Produce a verbatim transcript of the entries below, excluding pictures.

» **Records to use**:

▬▬▬▬▬▬▬▬▬▬

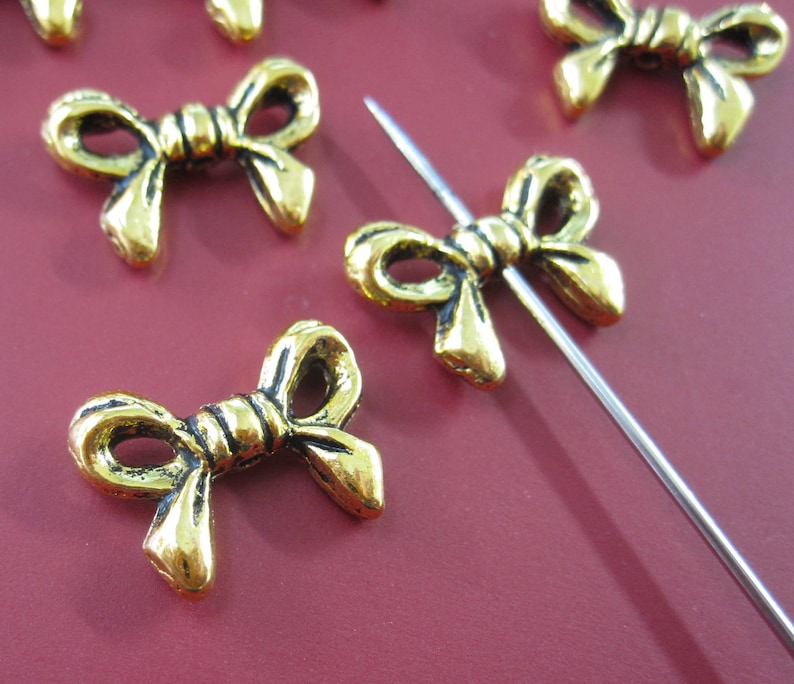 Metal Beads in a Bow Style Antique Gold Bow Beads or Bead Etsy
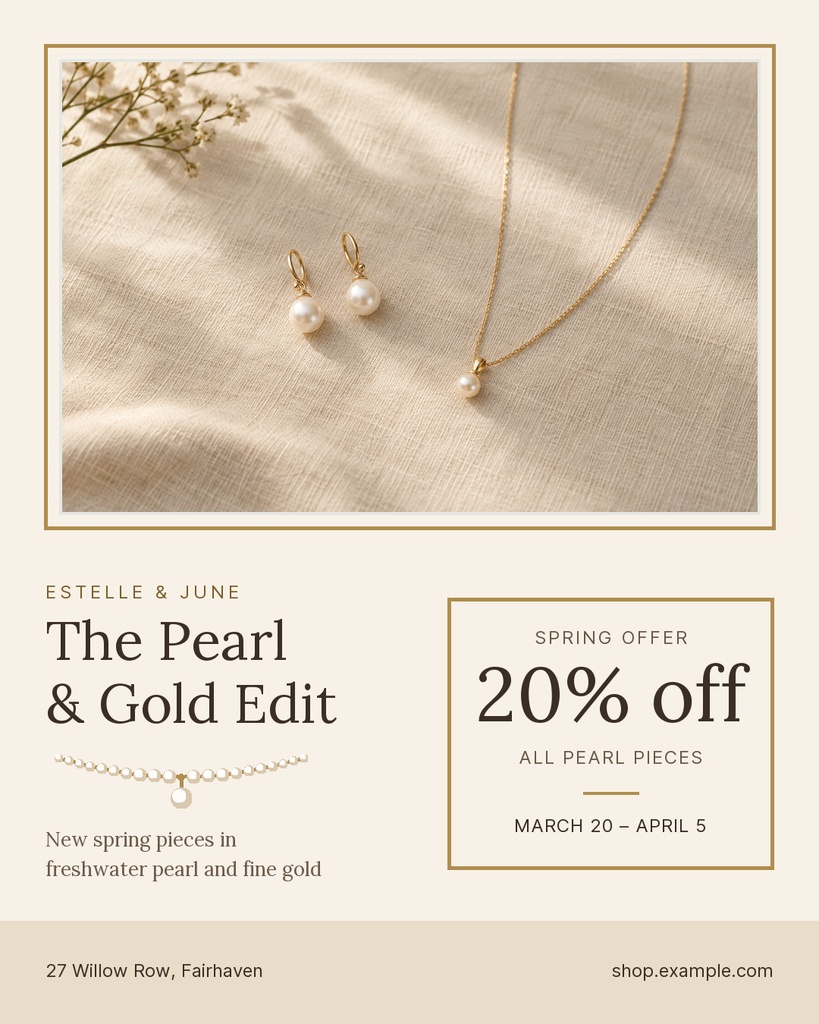 Portrait social post template with pearl jewelry, gold accents, and a spring sale offer.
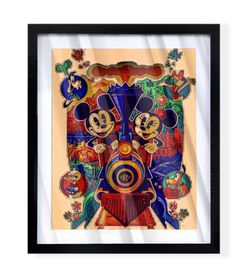 Art piece of mickeys and Minnie Mouse runaway railroad on black frame
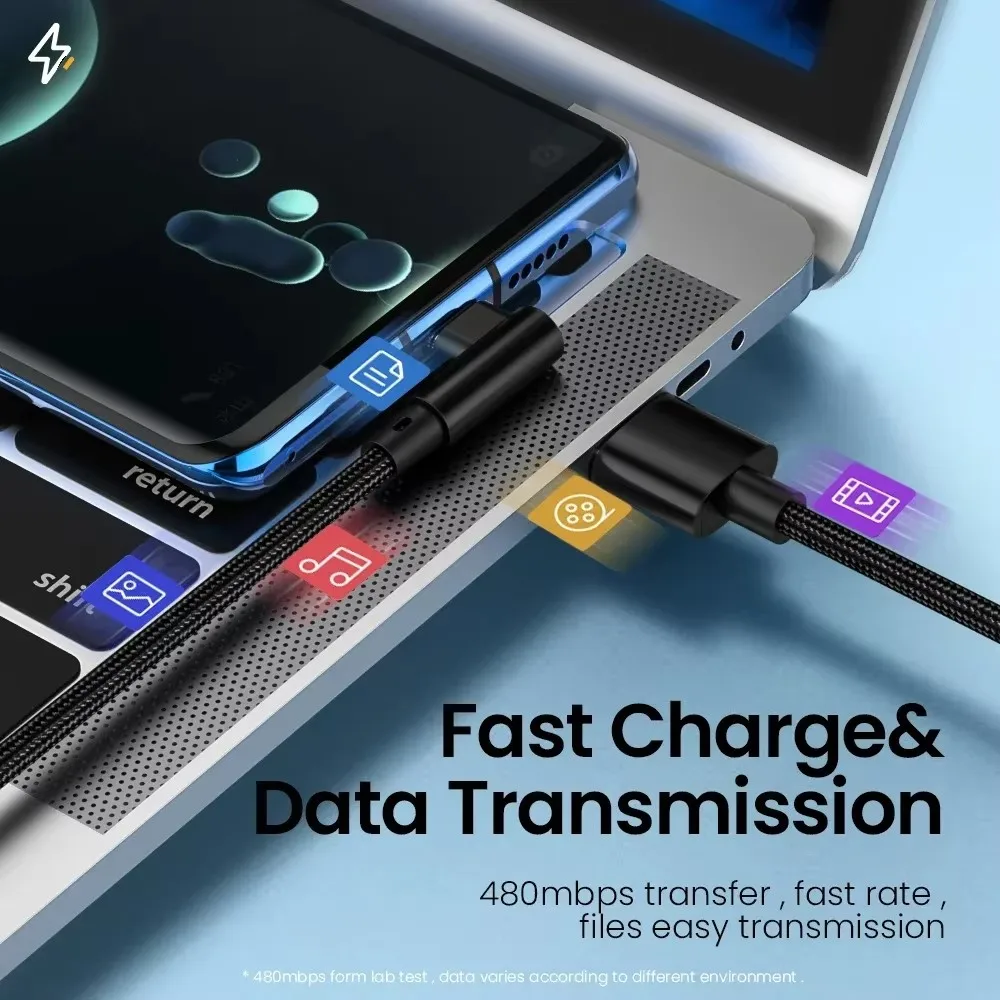 6A 66W 90 Degree Elbow Phones Cable USB Fast Charging Cable for Samsung Xiaomi Huawei OnePlus Android Device 0.25m/1m/1.5m/2m/3m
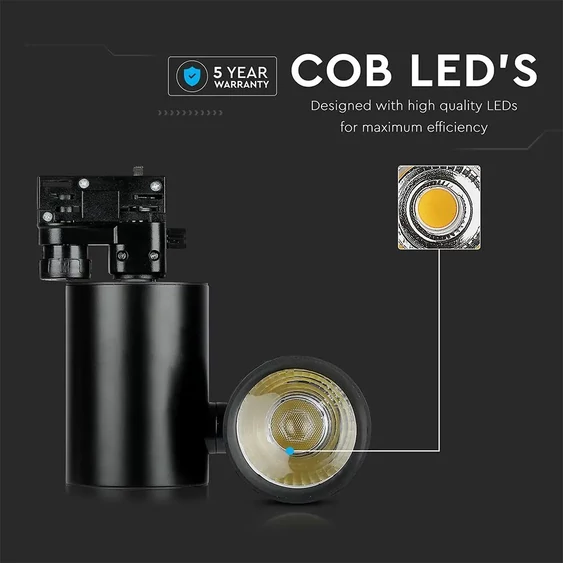 V-TAC LED sínes spotlámpa állítható CRI>95 15W hideg fehér, fekete házzal - SKU 1303
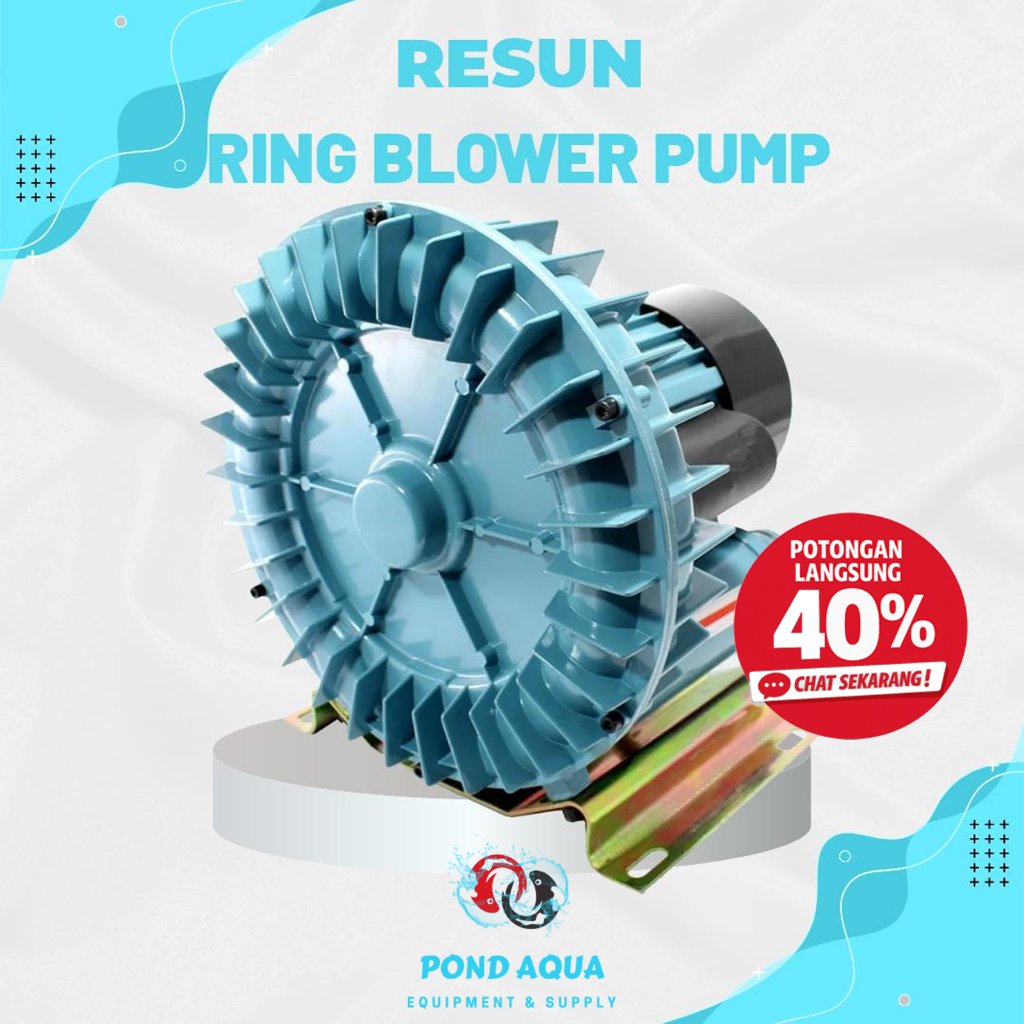 Aerator Kolam Koi Resun GF 750W Air Pump Ring Jet Blower Turbo Pump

▬▬▬▬▬▬▬▬▬▬

» **Task solution**:
 Metal Beads in a Bow Style Antique Gold Bow Beads or Bead Etsy
 Portrait social post template with pearl jewelry, gold accents, and a spring sale offer.
 Art piece of mickeys and Minnie Mouse runaway railroad on black frame
 6A 66W 90 Degree Elbow Phones Cable USB Fast Charging Cable for Samsung Xiaomi Huawei OnePlus Android Device 0.25m/1m/1.5m/2m/3m
 V-TAC LED sínes spotlámpa állítható CRI>95 15W hideg fehér, fekete házzal - SKU 1303
 Aerator Kolam Koi Resun GF 750W Air Pump Ring Jet Blower Turbo Pump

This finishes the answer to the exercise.